The remedy lies in standardizing the terminology and educating everyone in the company on the proper use of the same together with a process for conducting risk management.
In the boat example above, what exactly was the failure? The holes in the boat? The flooding of the boat? The sinking of the boat? If you consider the “failure” to be the flooding of the boat, then the effect is it sinks, and the associated harm is the drowning of the occupants. In this case, the cause for the failure would be the hole(s).
If you consider the hole(s) in the boat as a failure, then the immediate effect is flooding, and the downstream effect is sinking. What is the cause? It’s not clear from the provided information; it needs to be investigated. Teams (or individuals) working on FMEAs get caught up in this kind of reasoning and find themselves running around in circles as the same thing is labeled a failure mode by some, while others label it an effect.
The antidote to this is asking the questions — what is the object of analysis, and what are its functions? If it is the boat, its function is to stay afloat. When a function is not accomplished, it is a failure.

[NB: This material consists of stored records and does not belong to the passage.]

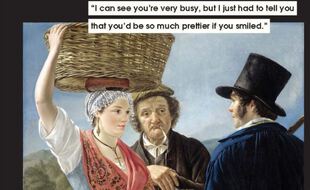 « Je vois bien que vous êtes très occupée, mais il fallait que je vous dise que vous seriez tellement plus jolie si vous vouliez sourire » (Market Gossip, Jean Henri de Coene, 1827)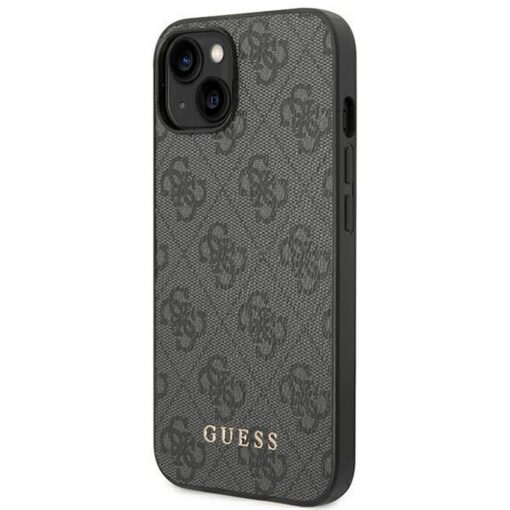 Original GUESS Case GUHCP14SG4GFGR für iPhone 14 (4G Gold Logo / Grau) – Bild 3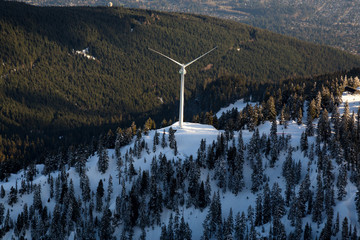 Wind Turbine on Grouse Mountain viewed from an aerial perspective. Picture taken on the North Shore of Vancouver, BC, Canada.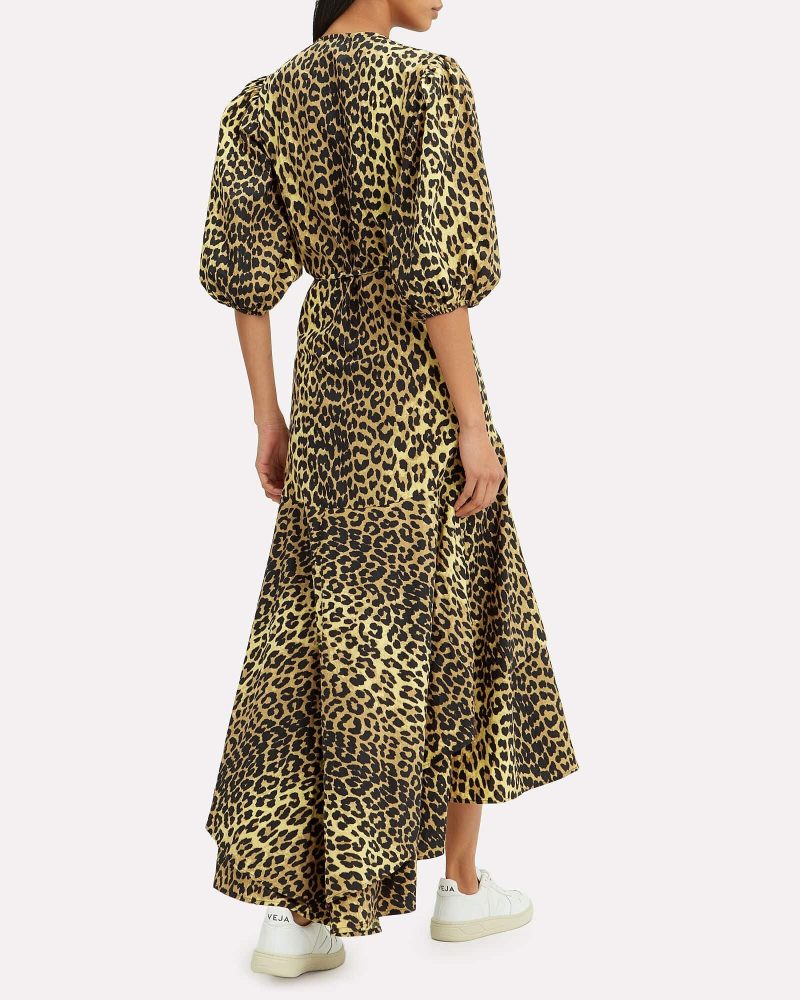 ganni leopard print wrap dress 34786065481887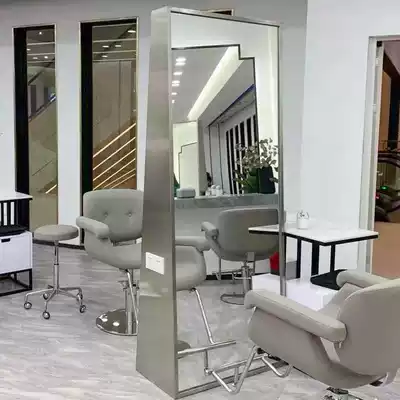 Net red hairdressing mirror table hair salon special store double-sided mirror table simple high-grade stainless steel floor-cutting mirror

Rating tables are a critical element in the FMEA; they are the backbone when it comes to identifying the risk level in the form of risk priority number (RPN). It integrates the three dimensions of failure: severity of the effect, frequency of failure, and detectability of the failure into one number that is easy to comprehend and use.
Each dimension is evaluated using a numerical rating scale that converts different conditions/states to numbers. For example: Where the “effect” of a failure is severe enough to cause a fatality, the Severity rating would be the highest possible (typically 5, or 10 – depending on the rating scale which may go from 1 to 5 or 1 to 10). For Occurrence and Detectability, the scales can be quantitative in nature where data is available. Integration of the ratings is achieved via multiplying the ratings for Severity, Occurrence, and Detection to provide a single number representative of the risk level. This number can vary from 1 to 125 for a five-level rating scale, such as the one below:
The trouble starts when the scale descriptions are too sparse, or ill defined — leaving the door open to varying interpretations. For instance, Severity from a failed car horn in India would be very high; whereas in the U.S., it might be low. The failure was the same in both cases. Therefore, proper descriptors are a must.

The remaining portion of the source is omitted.